Landeszeitung Lüneburg: ,,Kaum eine Wachablösung ohne Krieg" -- Interview mit der Historikerin Prof. Andrea Komlosy
Geschrieben am 27-12-2012 |
Lüneburg (ots) - Viele nehmen den Aufstieg Chinas, Indiens und
Brasiliens, der weit mehr als nur das kommende Jahr prägen wird, als
überraschende Verschiebung der Machtverhältnisse in der Welt wahr.

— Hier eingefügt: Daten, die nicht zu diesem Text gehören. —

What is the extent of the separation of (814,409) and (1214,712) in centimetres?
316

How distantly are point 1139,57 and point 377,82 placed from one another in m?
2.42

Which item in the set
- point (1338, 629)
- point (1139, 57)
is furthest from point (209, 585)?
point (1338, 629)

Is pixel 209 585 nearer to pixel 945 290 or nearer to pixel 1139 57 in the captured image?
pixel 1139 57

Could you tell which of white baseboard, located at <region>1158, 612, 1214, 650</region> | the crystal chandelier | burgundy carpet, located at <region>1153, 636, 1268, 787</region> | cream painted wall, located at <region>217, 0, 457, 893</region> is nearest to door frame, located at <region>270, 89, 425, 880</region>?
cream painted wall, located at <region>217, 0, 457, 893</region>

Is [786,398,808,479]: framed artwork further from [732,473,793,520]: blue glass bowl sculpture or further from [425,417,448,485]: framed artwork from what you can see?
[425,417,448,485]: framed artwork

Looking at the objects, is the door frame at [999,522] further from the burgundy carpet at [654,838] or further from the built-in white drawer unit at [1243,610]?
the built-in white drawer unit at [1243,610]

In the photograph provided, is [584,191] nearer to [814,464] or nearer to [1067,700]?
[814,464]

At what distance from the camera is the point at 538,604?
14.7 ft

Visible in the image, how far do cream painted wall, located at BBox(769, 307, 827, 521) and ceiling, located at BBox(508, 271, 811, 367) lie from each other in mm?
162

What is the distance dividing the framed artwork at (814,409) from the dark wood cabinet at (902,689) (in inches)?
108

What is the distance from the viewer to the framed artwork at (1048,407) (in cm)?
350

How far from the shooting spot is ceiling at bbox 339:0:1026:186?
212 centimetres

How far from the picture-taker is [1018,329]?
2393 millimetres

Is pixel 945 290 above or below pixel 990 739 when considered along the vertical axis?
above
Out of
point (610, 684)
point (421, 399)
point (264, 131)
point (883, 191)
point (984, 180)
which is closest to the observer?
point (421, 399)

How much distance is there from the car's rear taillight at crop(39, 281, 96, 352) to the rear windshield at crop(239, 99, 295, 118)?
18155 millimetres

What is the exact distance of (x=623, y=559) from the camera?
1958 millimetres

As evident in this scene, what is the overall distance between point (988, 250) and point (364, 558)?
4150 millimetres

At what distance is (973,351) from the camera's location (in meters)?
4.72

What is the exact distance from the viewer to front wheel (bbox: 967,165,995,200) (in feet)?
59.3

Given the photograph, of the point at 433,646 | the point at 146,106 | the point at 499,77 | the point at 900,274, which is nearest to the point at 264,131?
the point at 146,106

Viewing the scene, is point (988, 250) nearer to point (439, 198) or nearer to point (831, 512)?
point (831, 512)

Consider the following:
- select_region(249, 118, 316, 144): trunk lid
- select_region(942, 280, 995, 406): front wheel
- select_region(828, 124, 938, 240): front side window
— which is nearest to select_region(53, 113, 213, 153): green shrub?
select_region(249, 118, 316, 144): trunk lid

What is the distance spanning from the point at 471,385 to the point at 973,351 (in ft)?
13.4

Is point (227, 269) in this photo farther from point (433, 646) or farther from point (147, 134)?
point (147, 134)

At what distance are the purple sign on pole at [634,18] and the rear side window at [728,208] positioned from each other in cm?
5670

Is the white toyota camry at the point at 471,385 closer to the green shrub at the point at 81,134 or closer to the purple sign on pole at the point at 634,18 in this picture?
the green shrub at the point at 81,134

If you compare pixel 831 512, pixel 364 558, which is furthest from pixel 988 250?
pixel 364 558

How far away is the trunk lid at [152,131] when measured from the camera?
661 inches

Aus historischer Sicht ist der Aufstieg und Fall hegemonialer Mächte
aber normal, sagt die Wiener Historikerin Prof. Andrea Komlosy. Das
Fatale daran: "Solche globalen Umbrüche kommen selten ohne Krieg
aus."
Erleben wir mit dem anbrechenden "asiatischen Jahrhundert" eine
Normalisierung -- eine Rückkehr zu lange, bis in die beginnende
Neuzeit, ähnlichen Verhältnissen?
Prof. Andrea Komlosy: Wir erleben in der Tat eine Rückkehr zu
einer ostasiatischen Dominanz. Ob China sich wirklich zum neuen
Hegemon aufschwingt, ist noch nicht ausgemacht. Eine Stärkung Asiens
gegenüber Europa und Amerika ist aber schon jetzt zu beobachten. Ob
man das aber als "Normalisierung" bezeichnen soll, da bin ich
skeptisch. Denn wer definiert, was der Normalzustand der
Globalgeschichte ist? Normal erscheint noch am ehes"ten die Ablösung
von Hegemonien, nicht die Dominanz Ostasiens.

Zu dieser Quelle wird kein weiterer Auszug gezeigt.